* [Task to complete] In the records below, find the line with "Papier Mousseline Hauné" and repeat exactly every line from it through the line with "Thumbnail of Bank". Pictures stay out.

* [Provided data]

%%

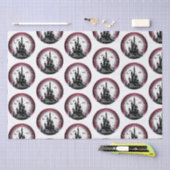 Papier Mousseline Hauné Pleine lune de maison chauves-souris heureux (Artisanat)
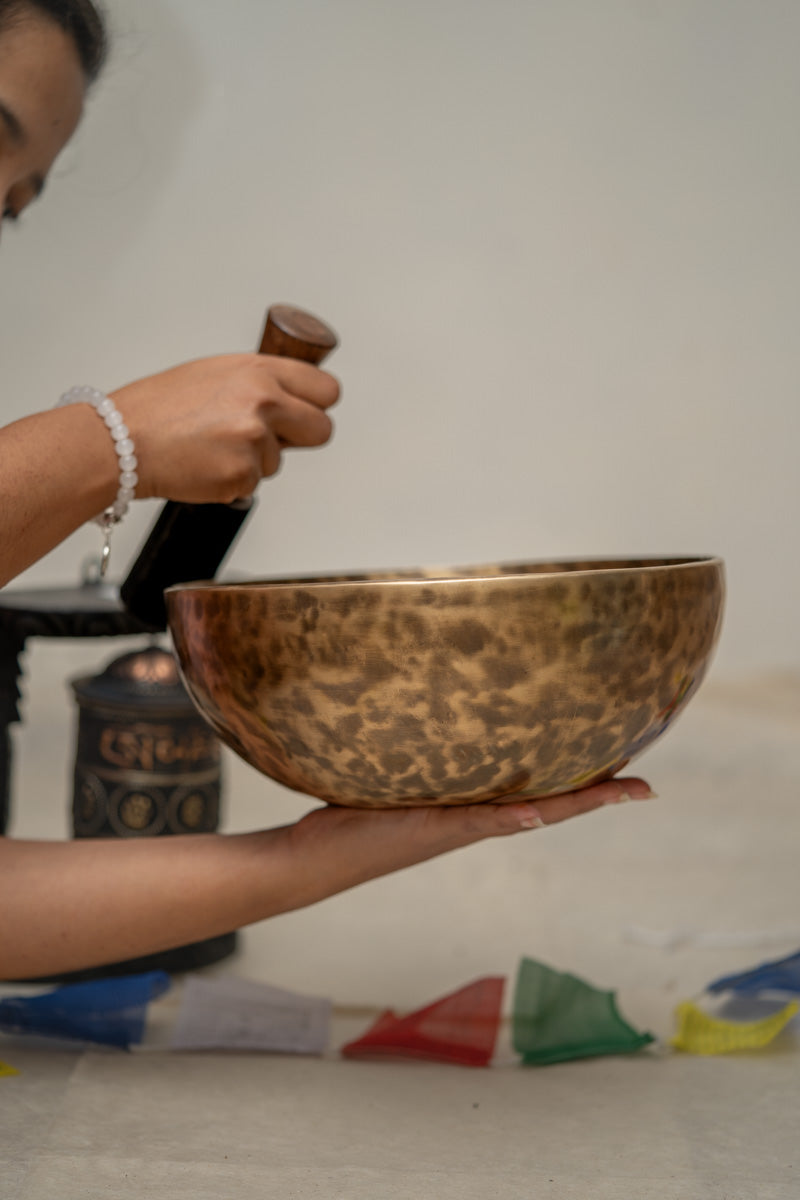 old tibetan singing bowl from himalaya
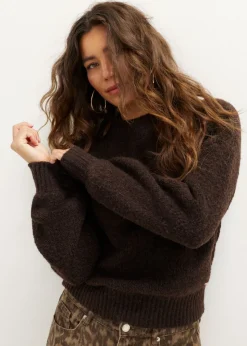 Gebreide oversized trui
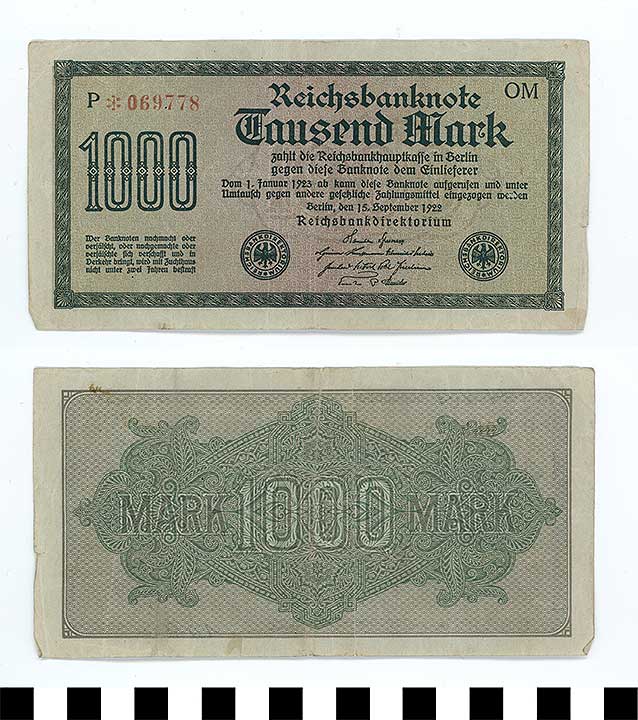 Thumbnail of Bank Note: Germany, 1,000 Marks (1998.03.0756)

%%
%%

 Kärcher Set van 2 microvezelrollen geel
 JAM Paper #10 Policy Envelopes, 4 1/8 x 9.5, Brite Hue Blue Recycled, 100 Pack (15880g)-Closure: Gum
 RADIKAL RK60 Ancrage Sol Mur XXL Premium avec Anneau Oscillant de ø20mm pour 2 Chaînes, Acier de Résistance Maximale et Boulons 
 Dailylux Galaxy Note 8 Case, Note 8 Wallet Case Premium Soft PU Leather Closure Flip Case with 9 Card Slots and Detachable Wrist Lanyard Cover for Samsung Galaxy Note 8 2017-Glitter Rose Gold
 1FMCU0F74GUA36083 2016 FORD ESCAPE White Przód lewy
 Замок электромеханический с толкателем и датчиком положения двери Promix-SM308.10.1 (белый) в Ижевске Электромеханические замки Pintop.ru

%%

* [Solution]
 Papier Mousseline Hauné Pleine lune de maison chauves-souris heureux (Artisanat)
 old tibetan singing bowl from himalaya
 Gebreide oversized trui
 Thumbnail of Bank Note: Germany, 1,000 Marks (1998.03.0756)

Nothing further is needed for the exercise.